[Hot docs media downloads are down, at least here in the Reference Library. So no photo for you!]
Last night I watched another slow-paced doc about migrants — this time, asylum seekers — and I was lulled into such a deep ravine of slumbererous sludge I couldn’t even bring myself to get up and leave. I should have brought a pillow and caught up on my sleep.
Seaview sucked all the more poignantly because of its potential. Seaview is a former holiday resort built after World War II on Ireland’s coast where middle class English families could go for cheap vacations. 6000 people could live there at a time. Now Seaview has about 800 residents — asylum seekers who wait up to six or seven years to find out whether Ireland will grant them entry as refugees. Only one in ten is accepted, allowed to join the 5% of foreigners in Ireland who are also refugees.
The situation is melancholy. Extremely. So melancholy that for what seemed like two thirds of the film, directors Nicky Gogan and Paul Rowley’s cameras trained principally, sentimentally, even obsessively on empty chairs, empty swimming pools, empty hallways. Yes, I got the point: this place is a horrible institution to live day in and day out. The problem was they put the baby in sulphuric, muddy bathwater (leaving only one option). They confused the institution being unbearable with the documentary being unbearable. Now even my review is belabouring the point!

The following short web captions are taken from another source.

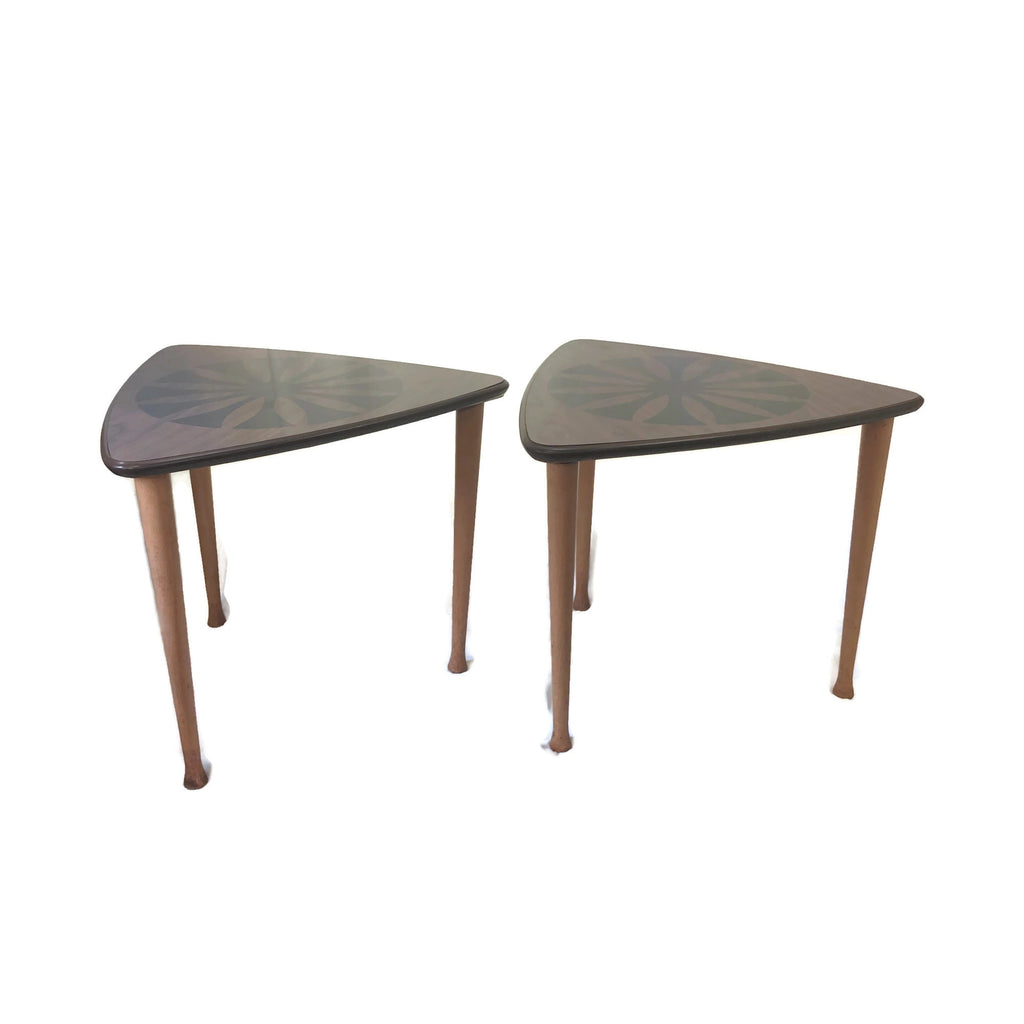 Pair of vintage Guitar Pick Stacking End Side Tables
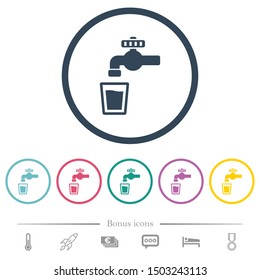 Drinking water flat color icons in round outlines. 6 bonus icons included.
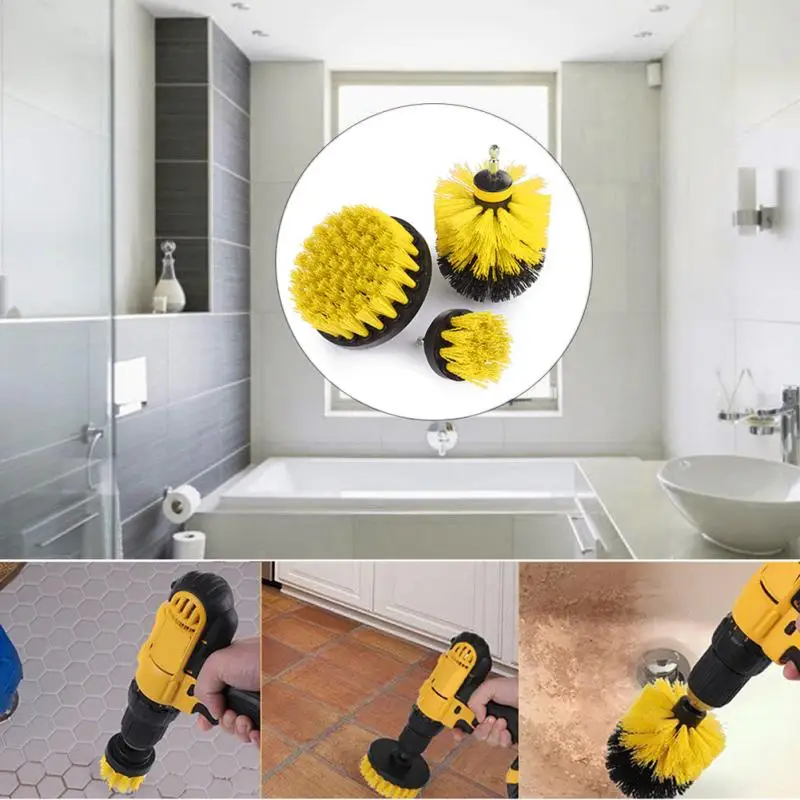 3Pcs/Set Power Scrubber Brush Set For Car Bathroom Drill Brushes Cordless Attachment Kit Toilet Cleaning | Автомобили и мотоциклы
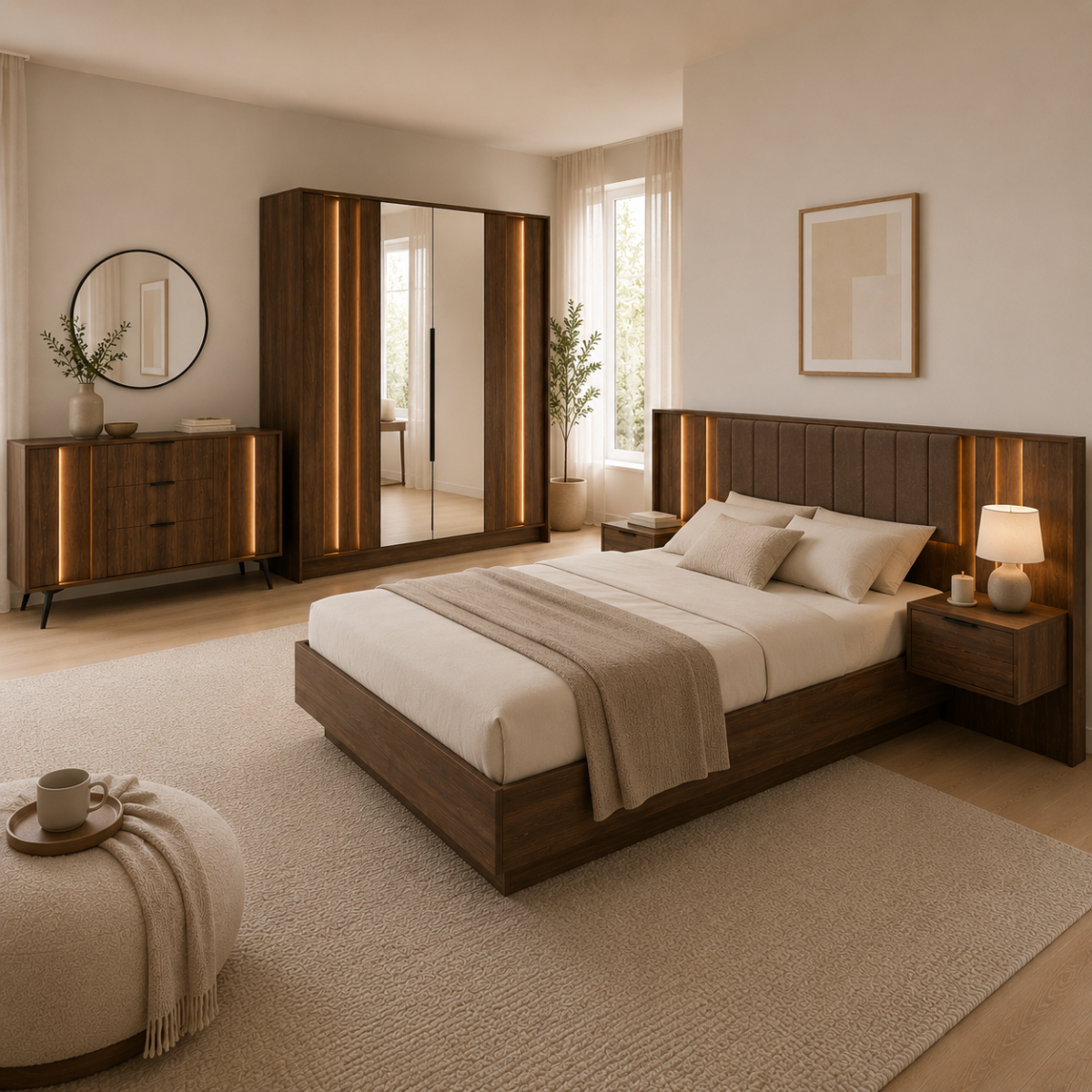 Chambre complète ava adulte avec armoire et lit coffre KAMAZZA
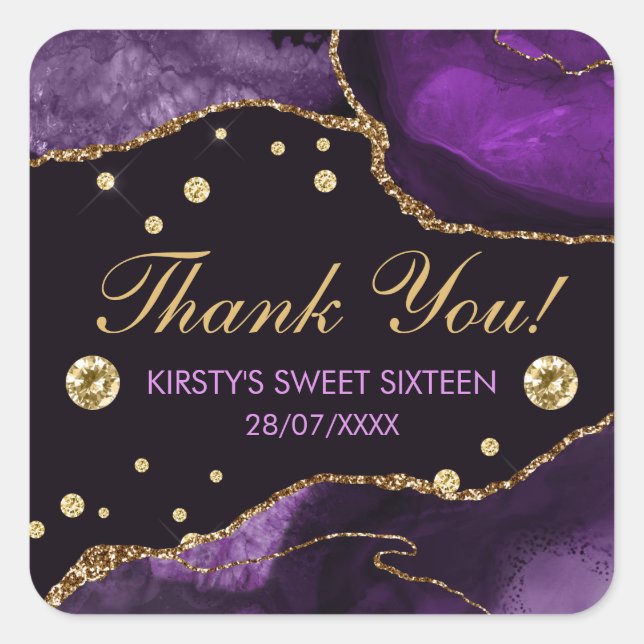 Sticker Carré Purple & Faux Gold Parties scintillant Agate Sweet (Devant)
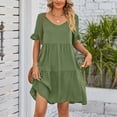 thumbnail image 3 of Robe Femme Col en V Manches Courtes Robe T-Shirt Babydoll Volants Robe Mini Décontractée, 3 of 4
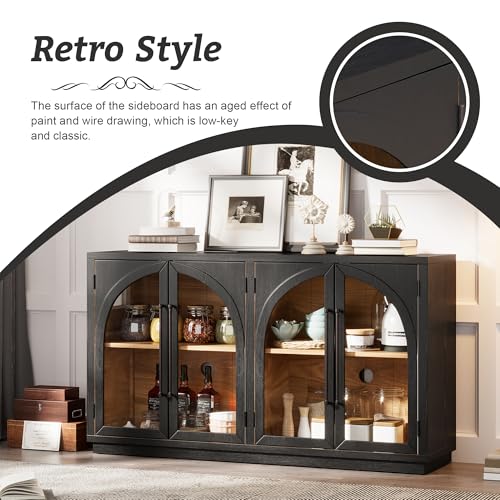 Amposei Retro Accent Sideboard 60-Inch Glass Doors Console Cabinet, Navy Blue X318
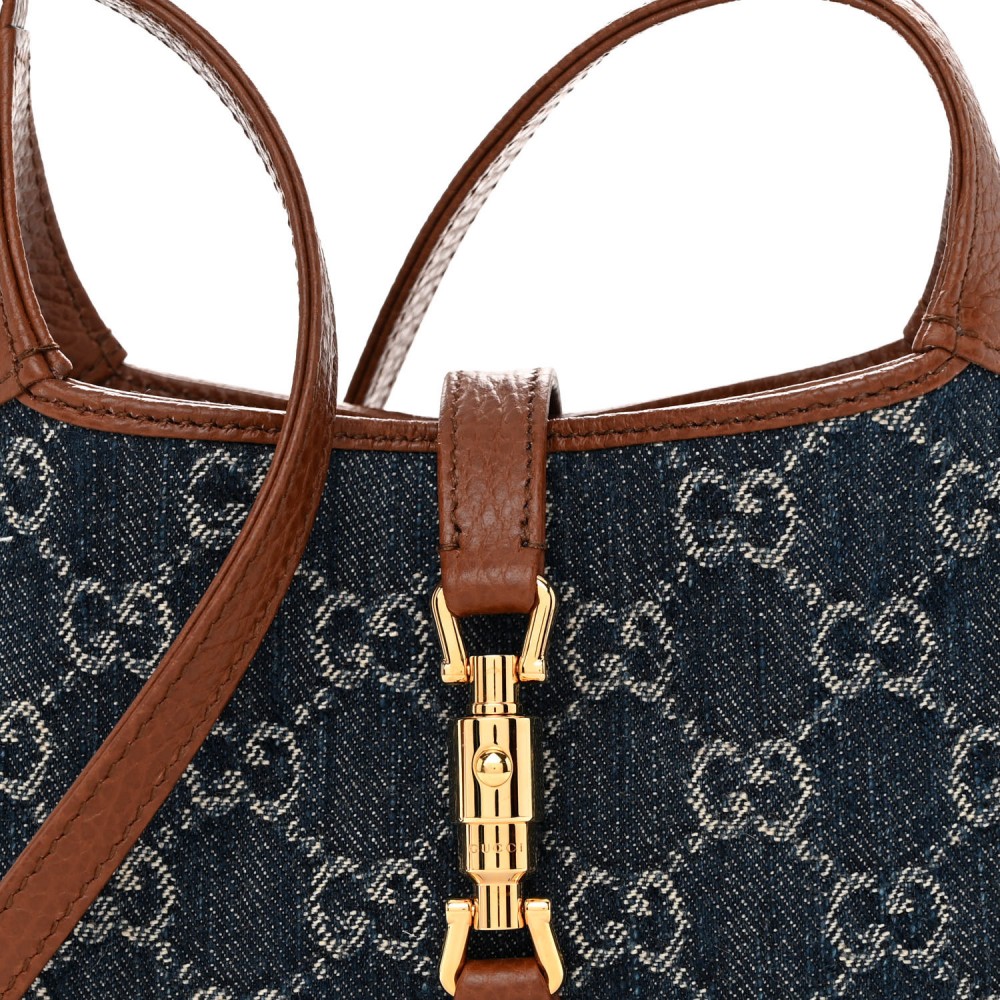 New Denim GG Monogram Calfskin Mini Jackie 1961 Hobo Blue Tea Cuir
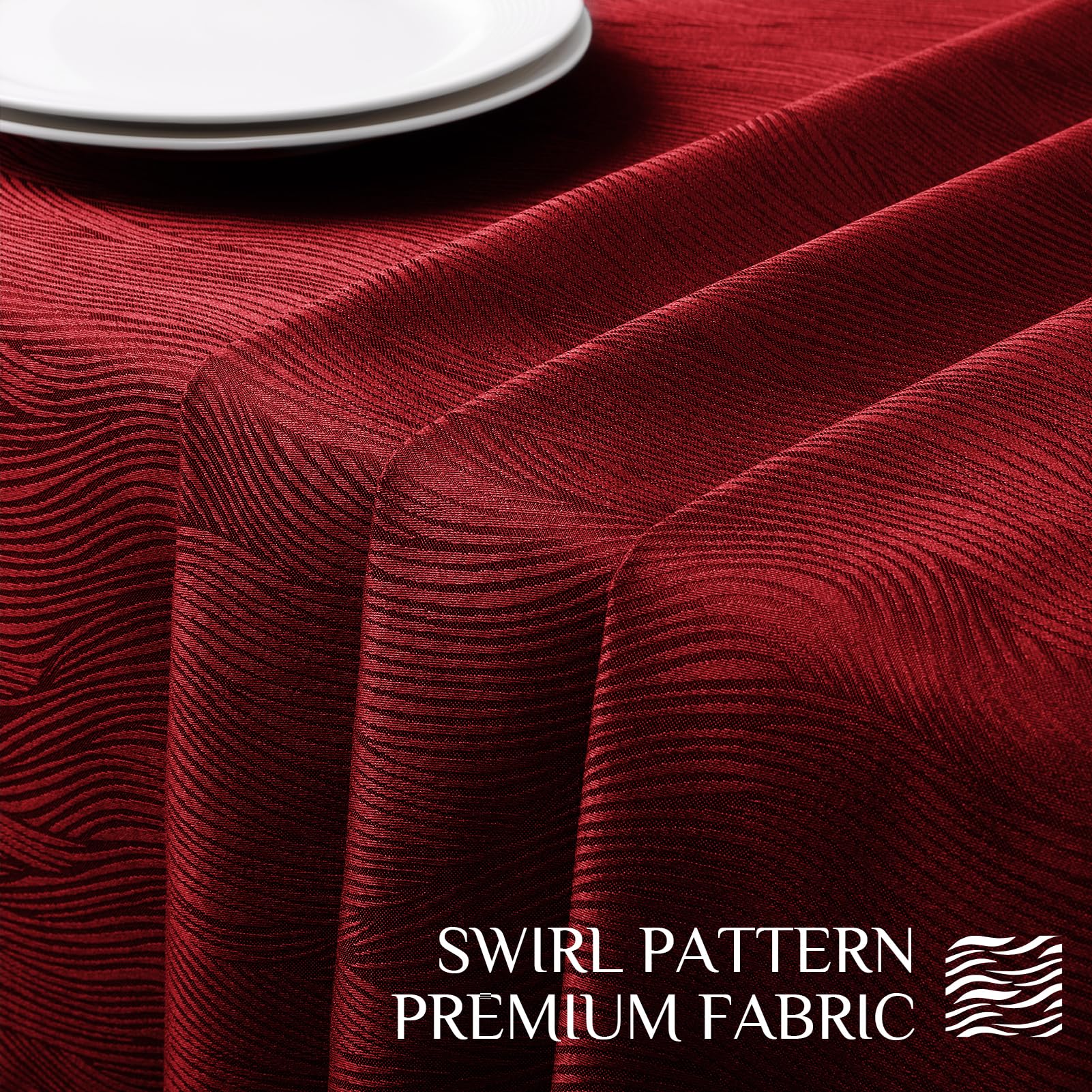 Softalker Christmas Jacquard Rectangle Tablecloth - Swirl Design Waterproof Stain Resistant Table Cover Wrinkle Free Heavy Weigh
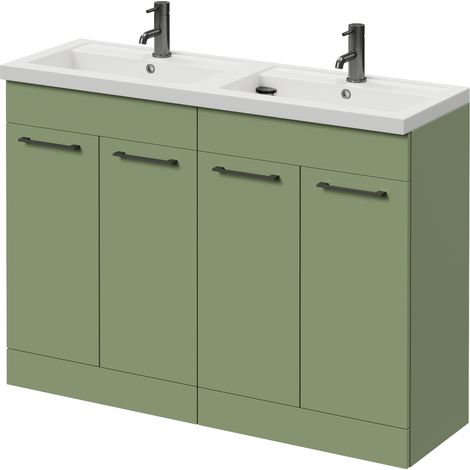 Napoli 390 Olive Green 1200mm 4 Door Vanity Unit with Double Lucia Basins - 1200mm - Gunmetal Grey 160mm Handle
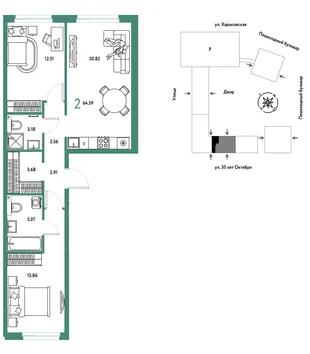 Планировка 2-комн. квартира, 64.59 м² ЖК «Сердце Сибири»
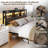 Queen Modern Platform Bed Frame with 2 Storage Drawers, LED Lighting & Charging Station, No Box Spring Required-1997450413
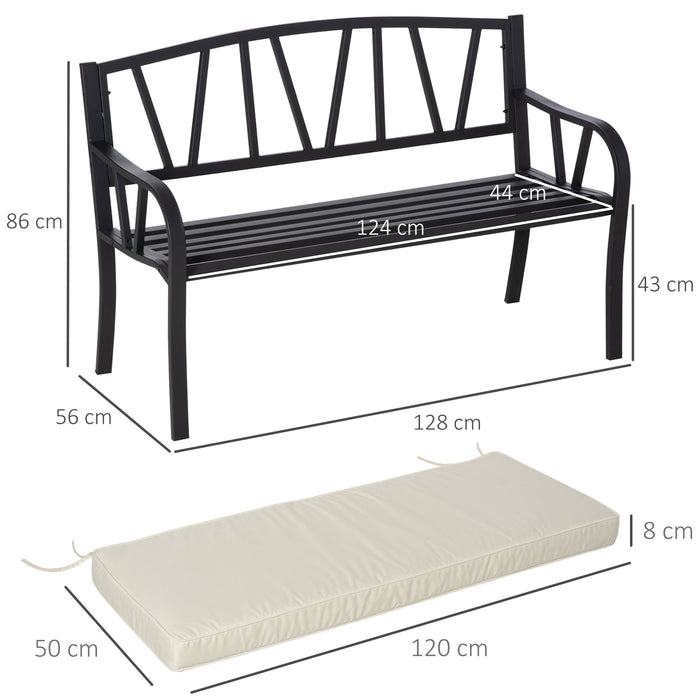 Metal Loveseat - Cushioned 2-Seater Garden Bench with Slatted Design and Decorative Backrest - Cozy Outdoor Seating for Parks and Patios in Cream White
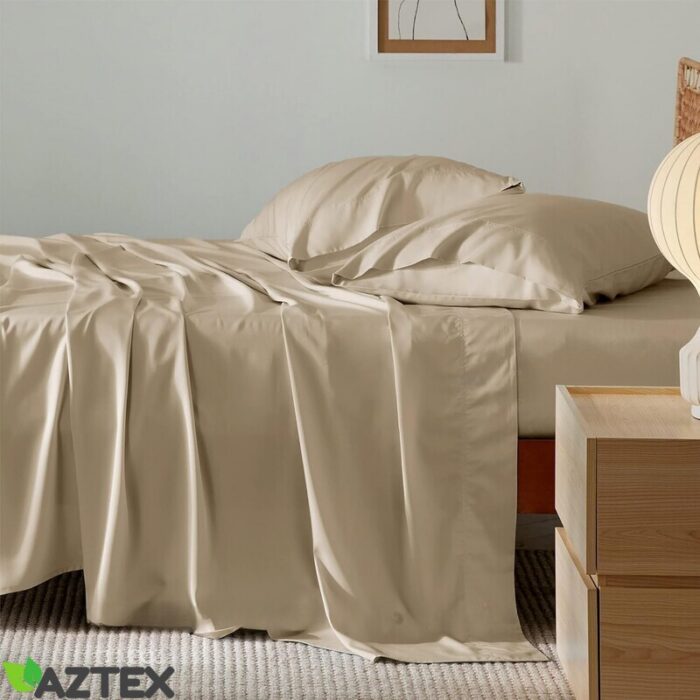 Voodipesu bambus Taupe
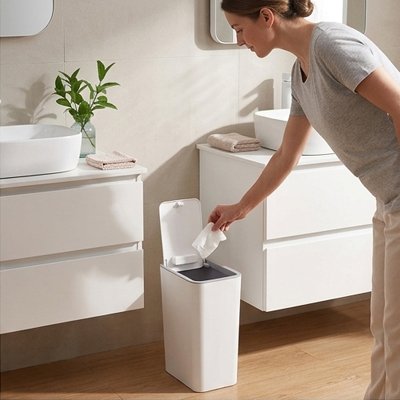 poubelle de salle de bain plastique blanche avec couvercle supérieur à pression pour toilettes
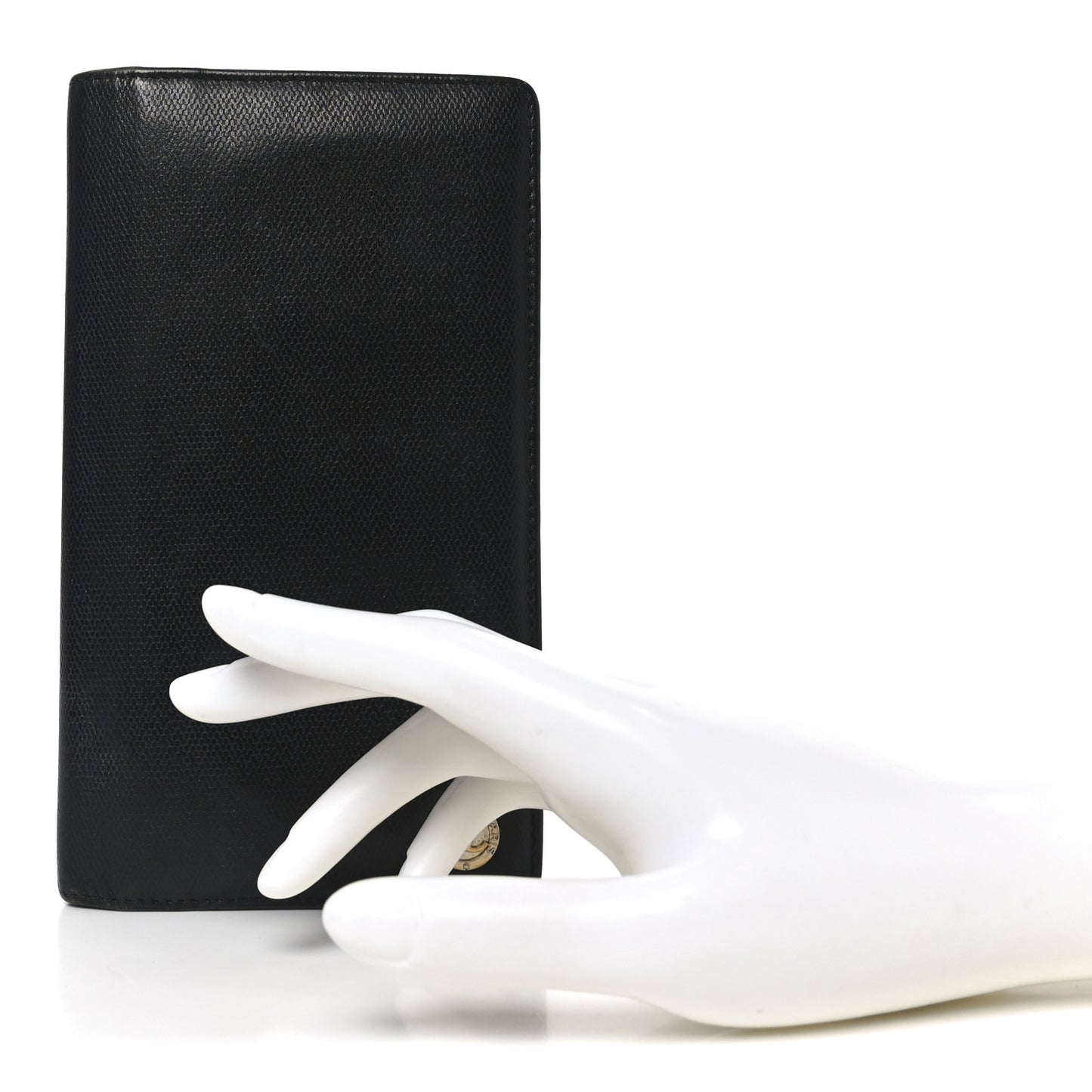 Grained Calfskin CC Button Yen Wallet Black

Okay, all that said, there were several watchable bits: Images of a man on a hunger strike who refuses to speak; bright-eyed children only slowly discovering the miseries of institutional life; a little-too-crude selection of refugees saying how desperate they were to work and contribute taxes instead of burdening the Irish taxpayer.
Hoping for better fare today. Meanwhile, Seaview does play again, Thursday at 2 at Isabel Bader, in case you’re suffering from daytime insomnia.